Steve Kelman talks to a new crop of future contracting professionals.
I spoke recently with another group of about 35 young contracting interns — many fresh out of college or grad school, with the government benefiting from the weak economy — this time at a major Defense Department contracting installation. I would say that, on the whole, the mood among the interns was far better than at some of the civilian organizations I visited last spring and blogged about.
To my amazement, the group included about five or so Presidential Management Fellows (formerly Presidential Management Interns), the government's elite entry-level program for which contracting usually has a really tough time competing for people. My experience was in line with the stereotype that the Defense Department has its act more together when it comes to managing the contracting function.

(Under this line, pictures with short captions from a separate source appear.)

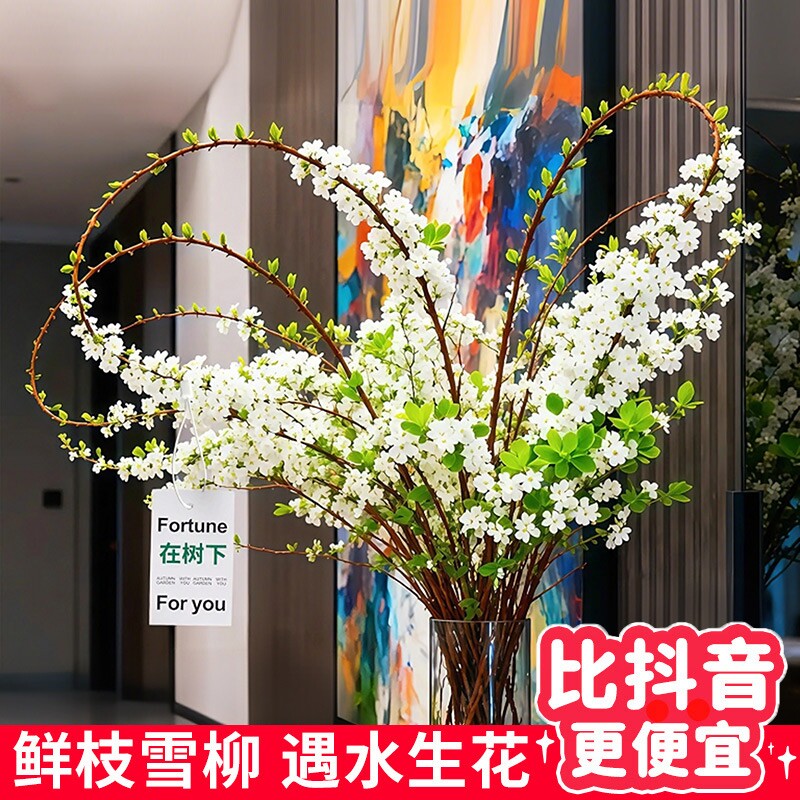 雪柳清仓大甩卖！别等卖完了后悔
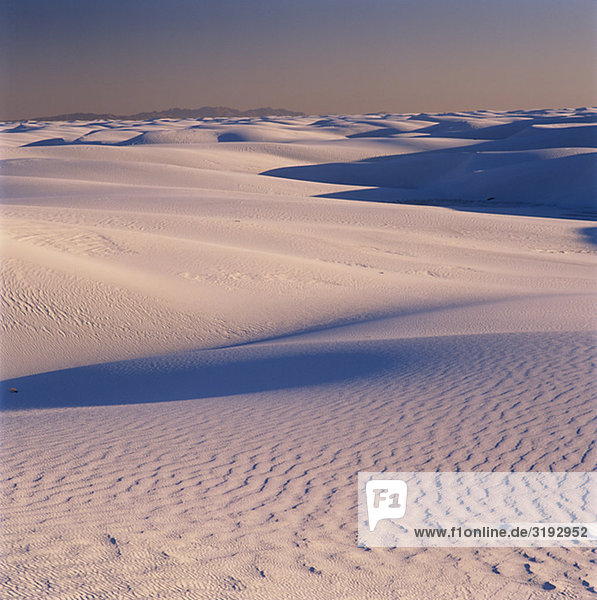 Mit Sanddünen im Hintergrund Wüste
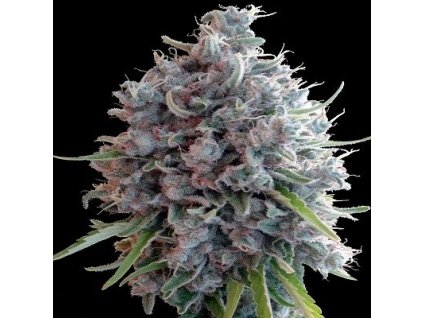 killer a5 haze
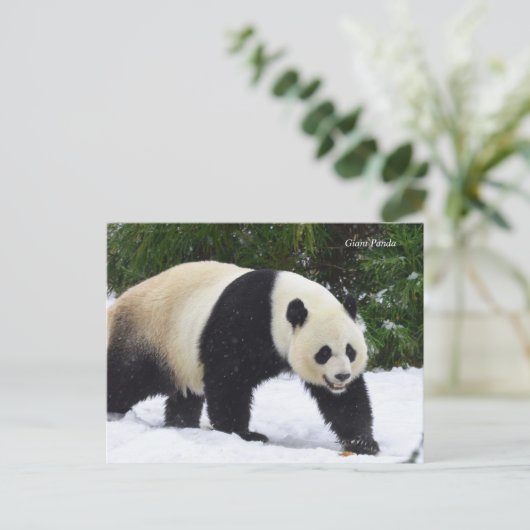 Smithsonian | Riesenpandas im Schnee Postkarte (Stehend Vorderseite)
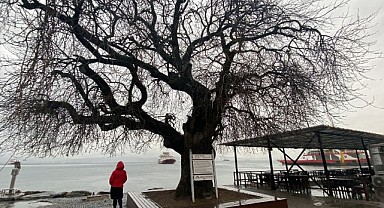 Eskihisar'da 4 buçuk asırdır ayakta duruyor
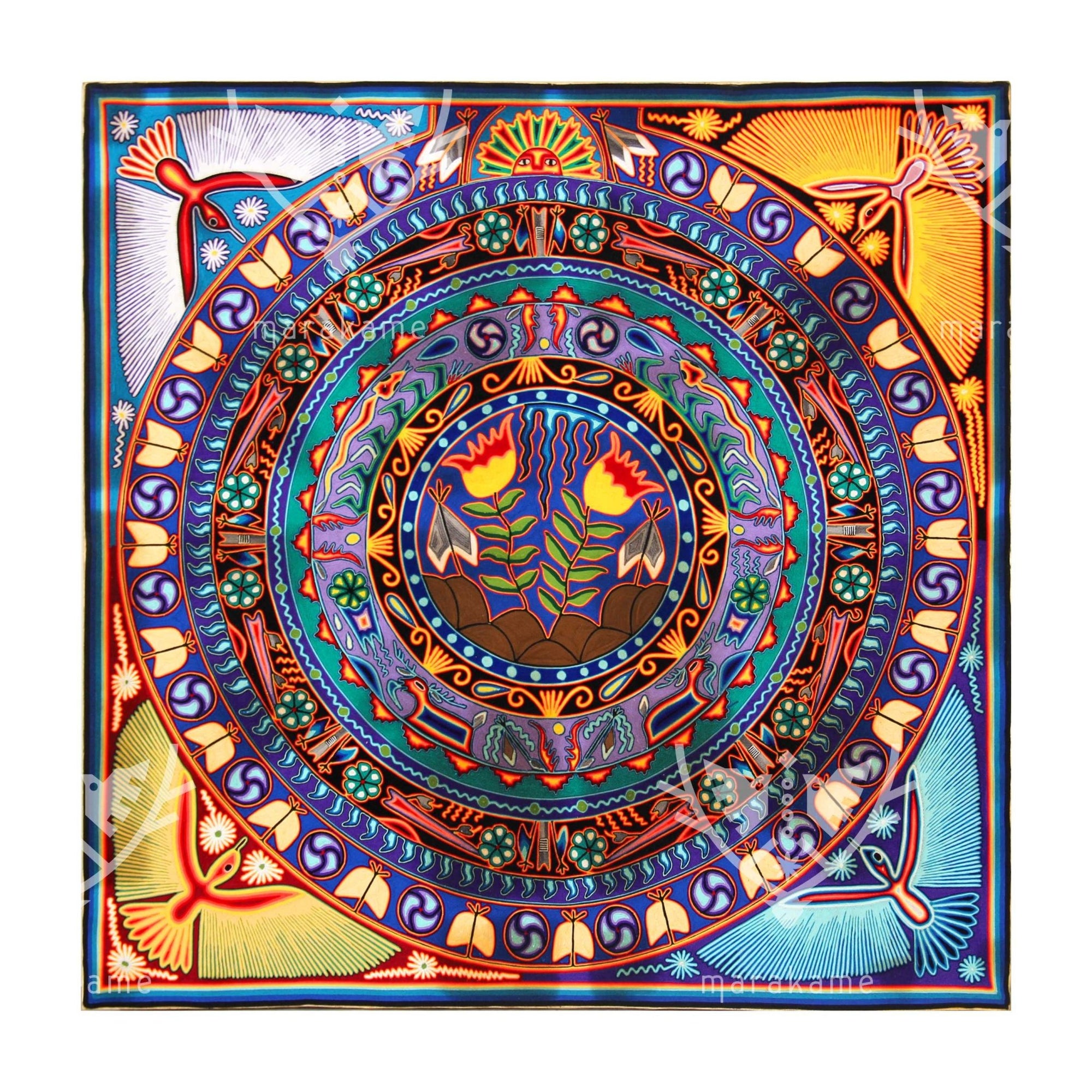 Nierika of Worsted Huichol Gemälde – Kieri – 150 x 150 cm. - Huichol-Kunst - Marakame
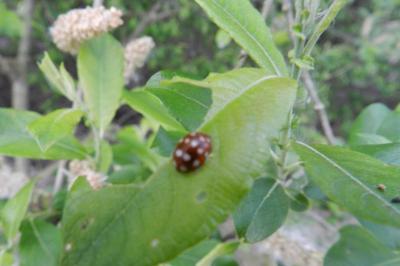 <i>Calvia quatuordecimguttata</i>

Here are the results of a few polls I did among those present.
1.) By a vote of 30-to-4, the interns said that on the whole they were satisfied with their experience so far. They cited help from supervisors, being trusted and given responsibility, and empowerment as the things most likely to create a good experience. Managers, take note!
2.) I asked those who had no parents working for the government whether working in the government so far was better, the same or worse than their expectations. Fifteen said it was better, nine the same and three worse.
3.) When I asked them if they had been put in situations in which they felt they were in over their heads, virtually all said they had. However, they also said — all of them — that those cases in which they felt overwhelmed ended up being among their best experiences. Managers, take note!
4.) I asked them about the quality of the training they had received so far from the Defense Acquisition University. Twenty-one thought the residential training was good but the online training bad. (None thought the online training was good and the residential bad.) Ten thought both were bad, and only two said both were good. This was not a ringing endorsement.
5.) I asked them to rate on a 1-to-5 scale the overall message they were receiving from their training so far. On my scale, a rating of 1 meant they were being trained to know the rules, tell the program people everything they cannot do and avoid potential trouble, and 5 meant the message is to be a business expert and help the government get good deals. The answers were a classic bell-shaped curve: One voted 1, seven voted 2, 19 voted 3, 10 voted 4, and one voted 5. We could probably do better, but that's not too bad, all things considered.
6.) I asked them if, overall, there was a strong performance work ethic in their organization (among contracting staff as a whole). Here, the answer was pretty devastating. Nobody in the group said yes. They seemed to feel there were too many employees who were coasting. This is, of course, matched by the impression of the older employees that the young ones are completely ignorant and clueless about how to do the job and need to wait years before learning enough to get any responsibility. The senior person who shared the podium with me commented to the interns that a lot of senior contracting people seem to believe it will be 10 years before the kids know enough to do serious work, which this person thought was crazy. He told the interns that if they worked hard, they could be pretty much ready to do the hardest contracting work in just three or four years.
One intern made a very interesting point: "We would like to be able to come up with new ideas for how to improve the way contracting is done here. But the older people seem to just want to make sure we learn as fast as possible to do things the way they already do them."